Memory benchmarks: Addendum tertium: the forgotten TLB
October 4, 2015 2 Comments
Obviously I have completely forgotten to consider the TLB. In Haswell processors, the L1 TLB contains 64 entries while the L2 TLB holds 1024 entries. All memory accesses must be translated from virtual to physical address, so every single read operation requires a TLB lookup. An L2 TLB miss implies retrieving the TLB entry from memory, so in the worst case a single memory read requires two (chained) memory accesses.
In .Net, page size is 4K, so 1024 TLB entries will cover only 4MB of memory. Remember that the benchmarks executed so far used 1 GB arrays, so in the case of random and chained memory accesses essentially all L2 TLB lookups should fail. But the access times observed don’t seem to exhibit such large delays. So what is going on here? The only explanation I have is that the L3 cache is actually holding all the TLB entries (this could be easily tested by disabling the L3 cache). On x64 a TLB entry is 8 bytes long, so a 25 MB cache will hold one eighth that many TLB entries covering at most 12.5 GB of memory. Hence, to feel the full effect of missed L3 caches we would have to work with arrays much larger than 12.5 GB. I added a few extra tests which deal with much larger arrays. Since I am using arrays of longs and in .Net arrays cannot have more than Int32.MaxValue elements, I have used an array of arrays of longs.

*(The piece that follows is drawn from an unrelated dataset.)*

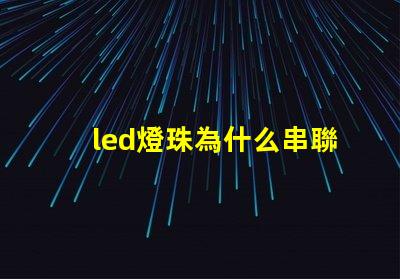 led燈珠為什么串聯(lián)安裝 led燈珠為什么都是串聯(lián)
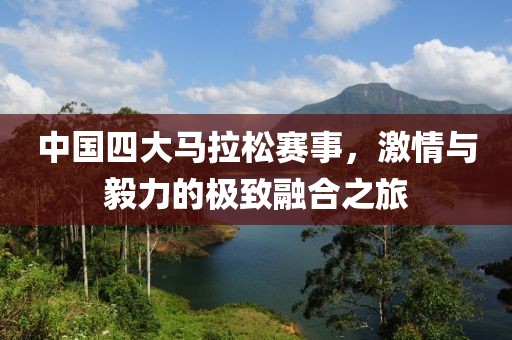 中国四大马拉松赛事，激情与毅力的极致融合之旅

Here is an extract of the code for a simplified version of chained reads:
var arrays = sizes.Max().EnumerateTo().Select(t => new long[max]).ToArray(); ... for (int i = 0; i < steps; i++) { next = arrays[i%size][(11587L*(i+next)) & mask]; // first array should be retrieved from cache // integer division should be negligible }
The loop for the random reads is the same except for the next variable not appearing on the right hand side.
Here are the results for the 8 cores machine with 30 GB of memory for chained readd:
Well, the full impact of TLB misses is rather clear, memory access is gone from 110 ns to 185 ns and keeps increasing. Caches have become quite complex and I will not attempt to explain the results! Suffice to say that it exhibits a classic cache saturation curve. For 1GB arrays cache hit is close to 100% (1GB needs only 2 MB of TLB entries), while above 30GB cache hit will be close to 0% (30GB requires 60 MB of TLB entries). Maximum values will be somewhere around 190 ns or 200 ns, which corresponds to a doubling of the access time (allowing for 10 or 15 ns for L3 access).

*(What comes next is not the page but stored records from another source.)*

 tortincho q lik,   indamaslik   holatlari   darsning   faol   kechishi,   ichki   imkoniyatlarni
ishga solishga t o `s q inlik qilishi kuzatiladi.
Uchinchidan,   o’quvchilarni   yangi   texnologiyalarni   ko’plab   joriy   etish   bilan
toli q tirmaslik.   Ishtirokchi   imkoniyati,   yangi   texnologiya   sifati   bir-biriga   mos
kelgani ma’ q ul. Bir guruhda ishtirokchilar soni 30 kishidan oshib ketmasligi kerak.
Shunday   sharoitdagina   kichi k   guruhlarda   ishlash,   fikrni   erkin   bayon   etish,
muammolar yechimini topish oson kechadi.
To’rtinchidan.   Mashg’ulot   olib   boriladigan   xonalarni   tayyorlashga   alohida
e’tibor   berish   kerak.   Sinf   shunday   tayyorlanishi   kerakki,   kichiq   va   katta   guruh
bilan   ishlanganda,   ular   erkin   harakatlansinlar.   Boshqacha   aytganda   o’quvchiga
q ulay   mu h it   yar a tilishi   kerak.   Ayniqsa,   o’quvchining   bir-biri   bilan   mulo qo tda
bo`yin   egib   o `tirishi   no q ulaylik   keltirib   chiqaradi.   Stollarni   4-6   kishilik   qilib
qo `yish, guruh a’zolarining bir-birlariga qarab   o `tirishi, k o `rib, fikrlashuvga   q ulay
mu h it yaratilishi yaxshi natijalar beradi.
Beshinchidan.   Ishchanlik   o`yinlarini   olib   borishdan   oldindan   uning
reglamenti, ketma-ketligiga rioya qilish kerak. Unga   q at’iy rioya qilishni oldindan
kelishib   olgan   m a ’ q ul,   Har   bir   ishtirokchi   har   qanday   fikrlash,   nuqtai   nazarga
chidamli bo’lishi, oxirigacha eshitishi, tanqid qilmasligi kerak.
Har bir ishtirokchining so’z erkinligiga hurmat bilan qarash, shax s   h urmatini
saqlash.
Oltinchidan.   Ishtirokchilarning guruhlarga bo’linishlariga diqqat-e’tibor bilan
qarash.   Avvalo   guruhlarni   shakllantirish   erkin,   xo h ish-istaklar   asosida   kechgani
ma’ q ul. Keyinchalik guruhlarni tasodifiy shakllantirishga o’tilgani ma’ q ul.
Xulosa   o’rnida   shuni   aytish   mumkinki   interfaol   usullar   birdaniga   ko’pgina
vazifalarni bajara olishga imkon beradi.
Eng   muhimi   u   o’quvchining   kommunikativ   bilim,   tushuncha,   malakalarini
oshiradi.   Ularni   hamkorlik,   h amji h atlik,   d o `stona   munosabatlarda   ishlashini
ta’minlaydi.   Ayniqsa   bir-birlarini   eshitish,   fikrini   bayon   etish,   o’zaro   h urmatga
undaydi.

The other case to consider is the random reads one:
For random reads, the shape of the curve is very different… and frankly, I have even less to says 🙂 But a few things are worth mentioning. Firstly it seems to start flat which was not the case for the chained reads. Secondly it saturates at already 10 GB with a latency over three times the starting value, while one could expect the maximum latency to be twice that starting value.
Unsurprisingly there, array size has no effect on the performance of sequential reads. Note that it takes about 500 ns to read 4KB. In the worst case, adding a 110 ns delay every 500 ns would increase the average latency by 20 percent. In practice, subsequent TLB entries (assuming linear organization) should be prefetched, and hence have no impact.
So it looks like some of my previous results will not be applicable to very large data sets, so I better rerun my previous benchmarks on much larger arrays!
Bottom line is that for very large arrays the impact of TLB misses due to the tiny pages has a massive effect on latency. Best solution would be to use larger pages, but, sadly enough, that option doesn’t seem to be available in .Net.
[ 10 April 2016] I have updated some previous posts with the latest version of the benchmarks which now share a single 1 GB array to minimize the impact of TLB misses.
I don’t know if this is controllable by .Net, and my knowledge of Windows is zero, but what if you use this procedure (https://msdn.microsoft.com/en-us/library/windows/desktop/aa366720%28v=vs.85%29.aspx) and call your test from a script or C program stub?
It would be nice to repeat that experiment with and w/o large (huge in Linux 😉 pages.
Looks like it is hardcoded to the default in .NET 😦 I had a look at the source code of Core.Clr and can’t see any use of the MEM_LARGE_PAGE or MEM_4MB_PAGES flags. Being able to build the CLR means that someone brave enough could have a go at trying to change the default to use MEM_LARGE_PAGE.